Habanero Gazpacho for Yom Kippur

Jews around the world will celebrate Yom Kippur this week, and as such, will be serving whitefish salad, cold cuts and premade casseroles galore. See, when you can’t eat or cook all day, you need something that can be made ahead of time, can be heated up quickly or eaten cold and can serve a large amount of people. Because when those people can eat…they will be need to eat IMMEDIATELY!

You need Gazpacho
This is adapted heavily from Serious Eats’ gazpacho recipe – I made a bigger batch, added some vegetables and altered the spice quotient to make it JUST this side of painful. The result is a cool, savory soup that is both beautiful and delicious. Thicker than some gazpachos, this is for those of you who would almost rather chew your soup than just be able to slurp it. Bonus – you can finally use u the last of the gorgeous Summer produce that you have in your fridge.  
3.5 Lbs or 6 Large, ripe tomatoes, peeled
1.5 Cups olive oil
1/2 Loaf country, Italian or French bread
2 Bell peppers, any color
4 Cucumbers
1 Habanero pepper
2 Sweet onions
2 tsp. Kosher Salt, plus more to taste
Pepper, to taste
3 Tbls. Sherry Vinegar
2 Cloves garlic
Handful of chopped parsley, to garnish

 1)Skin your cucumbers, taking care not to take your skin off with the cucumber peels.
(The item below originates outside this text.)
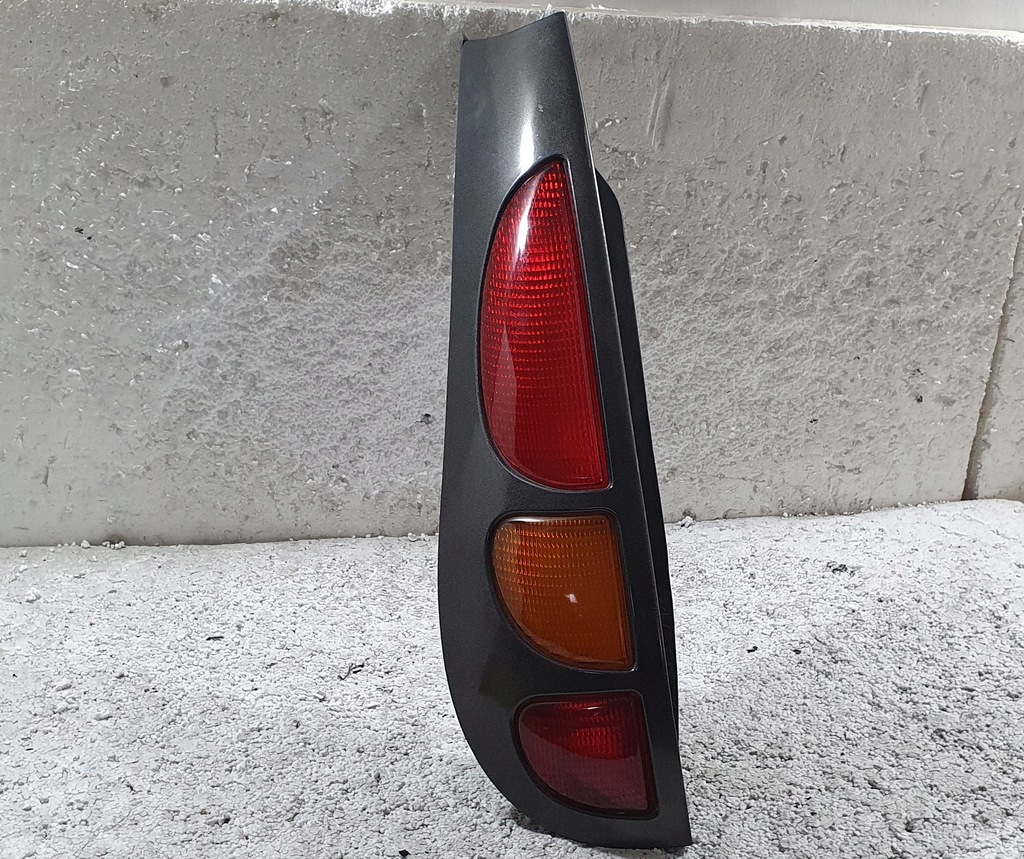 фото №1, Лампа задняя левая fiat marea weekend kombi оригинал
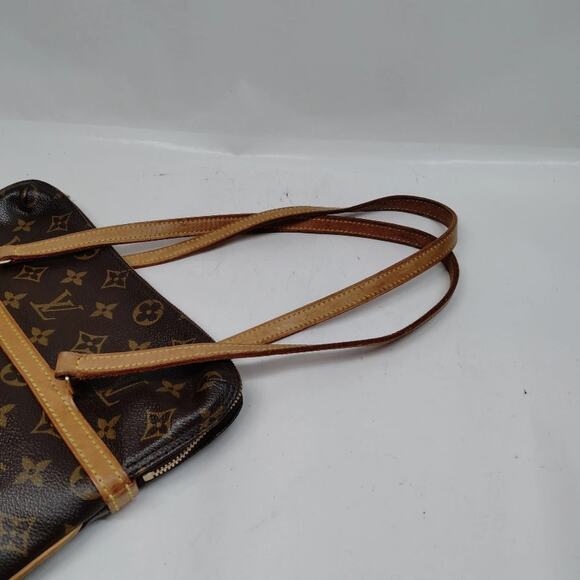 💎✨Authentic✨💎Louis Vuitton Coussin GM Shoulder bag - Picture 4 of 9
 2)Cut the heads and ends off the cucumbers,

 and slice the cucumbers down the middle, lengthwise.

 3)Scoop out the seeds with a spoon (the seeds will just make your soup watery and diluted),

 and cut your cukes into half moons. Place them in a large bowl.

 4)Cut your onions into large pieces – maybe 1/8ths – and place them in the bowl

 5)Slice the stem ends off your peeled tomatoes,

 core them

 and cut them into quarters. Place them in the large bowl with the other veggies.

 6)Add the bell peppers

 and habaneros to the bowl. Slice the habaneros into quarters or sixths, making sure to include the seeds in the bowl if you want it hotter, and keeping the seeds out of the bowl if you don’t want it as spicy.
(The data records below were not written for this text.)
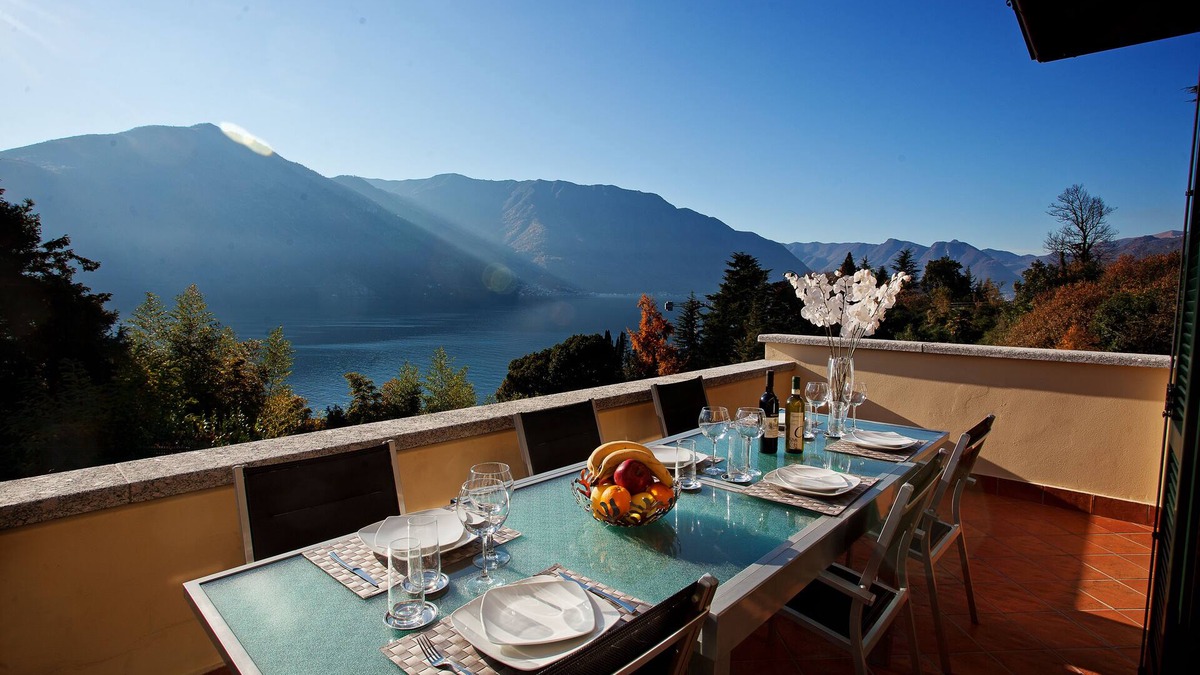 Tremezzo Apartment | Tremezzo residence apartment no 11 with pool and spa by Italian Apartments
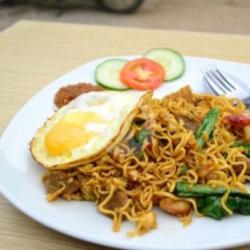 Mie Goreng Telor Ceplok / Ayam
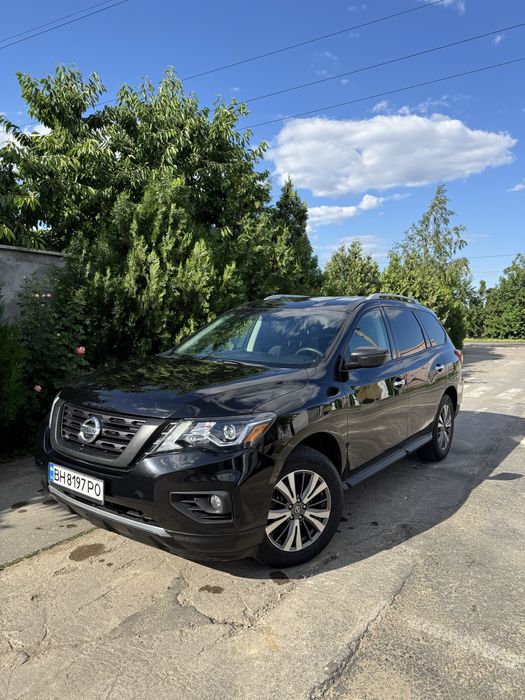 Nissan Pathfinder 2017 VIN 5N1DR2MM4HC901667 фото оголошення 2 з 19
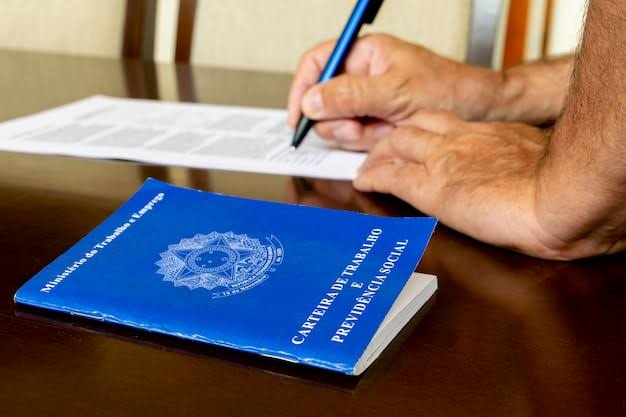 Brasil bate recorde de ocupação, mas inadimplência também atinge máxima histórica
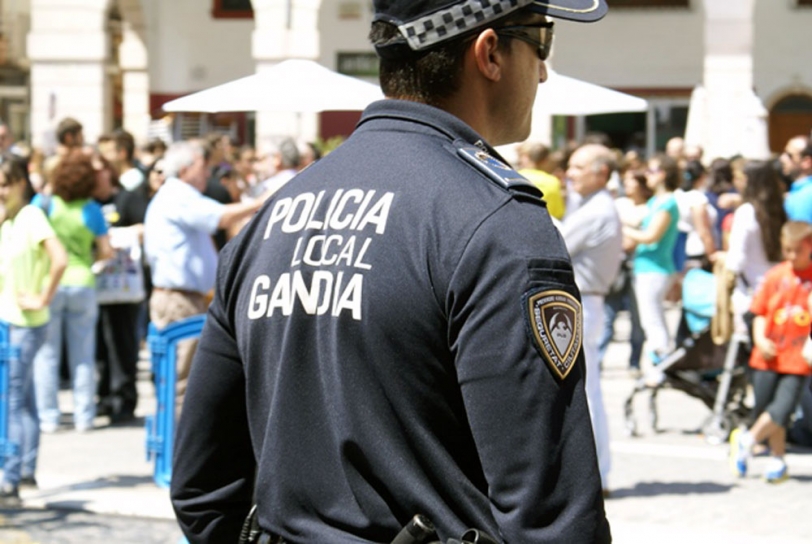La Policía Local de Gandia impone 128 actas durante el fin de semana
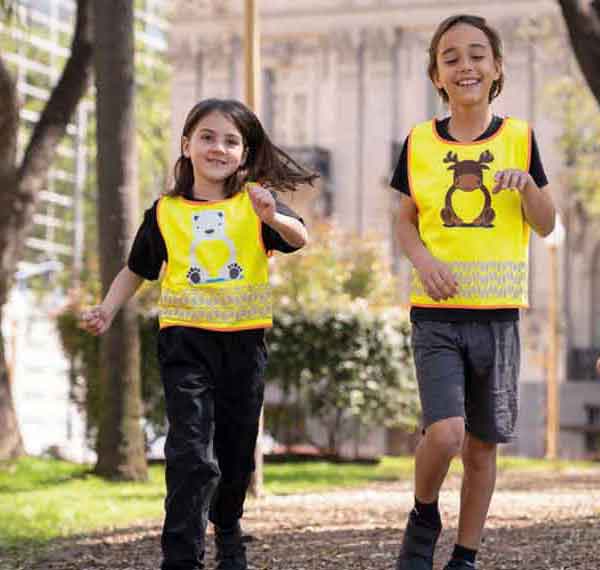 Kinderwarnbekleidung_2_Kinder_im_Park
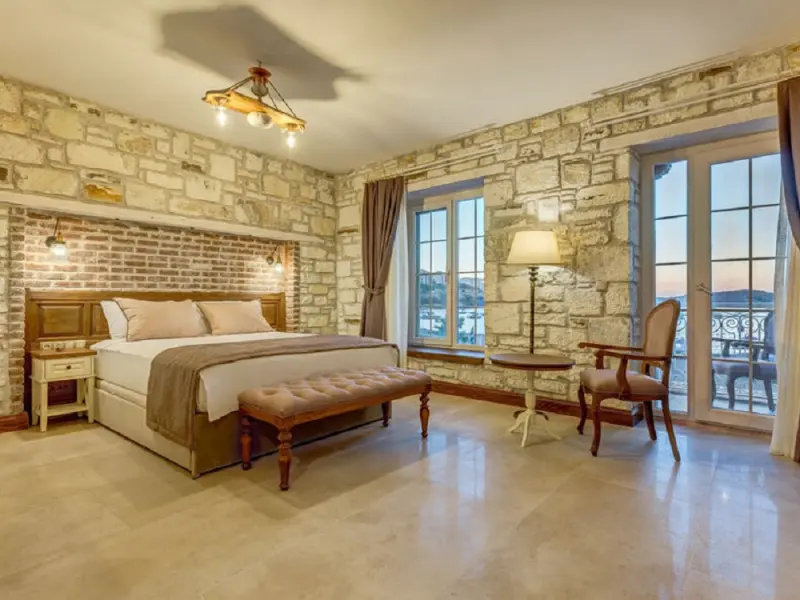 Navalia Otel 21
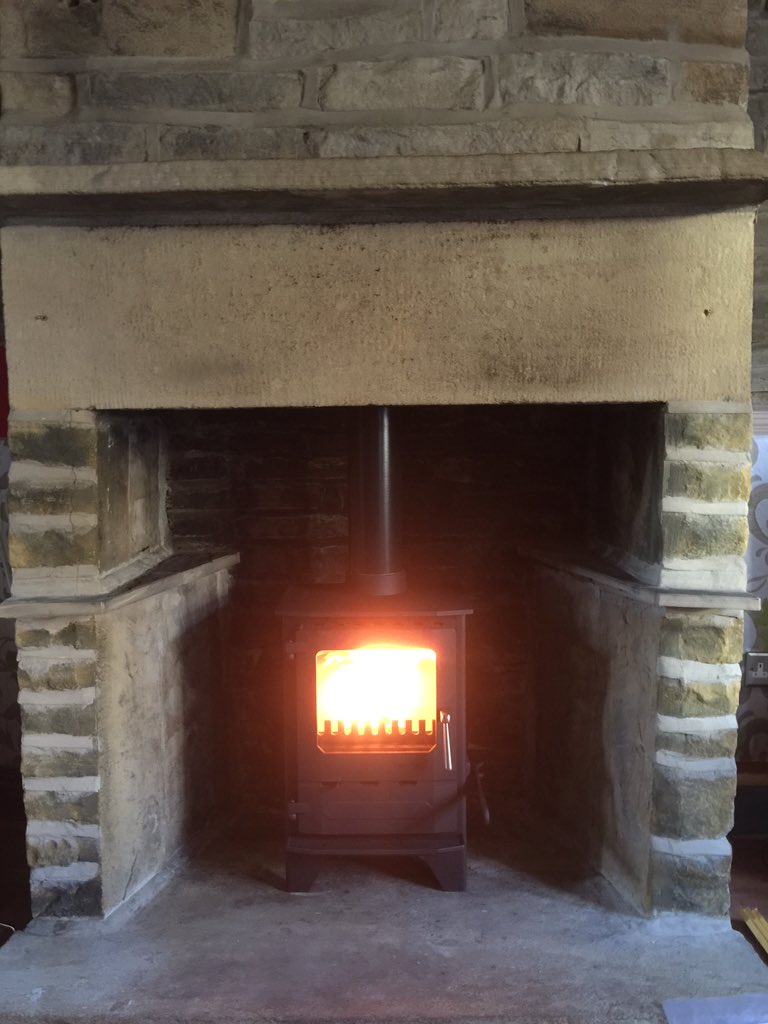 stovemedicltd's tweet photo. Another day installing with @heating_medic. Liner and chimney  installed with the help from my new toy. https://t.co/IFxRIAj19B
 7)Add the garlic cloves, roughly chopped.

 8)Sprinkle the 2 Tbls. salt over the vegetables…

 making sure to mix them into the veggies thoroughly. Let the bowl sit for 30 minutes. The point is to extract all the excess water from the veggies, making the vegetable’s flavor concentrate.

 9)After the veggies have rested, remove the vegetables with a slotted spoon (retaining the juice in the bowl),

 place them on a tinfoiled baking sheet in as much of a single layer as possible (some overlap is okay),

 and put the tray in the freezer for 30 minutes. The point here is to break down the vegetables’ cell structure by freezing them. You want the cell structure to break down so they release the flavor. One way to do this is by cooking vegetables, another…by freezing them. I had my doubts, but this step is absolutely vital. Don’t skip it. When they are done freezing, let them rest at room temperature for about 20 minutes, or until they no longer feel frozen stiff.

 10)While the veggies come to room temperature put the bread into the bowl with the vegetables’ run-off juice. In about 20 minutes…

 the bread will have absorbed all of the juice and flavor.

 11)fill your blender up about halfway with half and half vegetables and soaked bread (it took me 2 batches to use up all my ingredients).

 12)As you start to blend the soup, pour in the olive oil. You may need to jimmy the bottom of the blender at first to get the moisture down to the bottom. Don’t be shy with the olive oil – if you need more, you need more.

 You know you are on the right track when you start ot see the bottom of the soup liquefying.

 13)When the soup is mostly liquefied, but not all the way, add the sherry vinegar and blend until the mixture is uniformly smooth. There will still be texture to it, and that is what you want. You just don’t want huge pieces of unblended vegetables in there.

14)Let the soup rest for at least an hour, then taste for salt and pepper, garnish with parsley and serve.

This soup is so vibrant and robust that it practically smacks you in the face. Each vegetable’s flavor is pronounced and clear, yet none overshadows the other. The acidic tomatoes, mild cucumbers, sweet bell peppers, and pungent garlic and onions all melded together into an incredibly savory, earthy soup. The sherry vinegar adds tang and the olive oil gives a rich, but not heavy mouthfeel. The habanero adds quite a punch, but not so much that it is lip-burning hot..just enough so that you might want to add a cool dollop of sour cream to the bowl. The bread makes the soup thick and filling, and though it is vegetarian, it is shockingly satisfying and umami-filled.
Now the hardest thing will be waiting until sundown to eat it!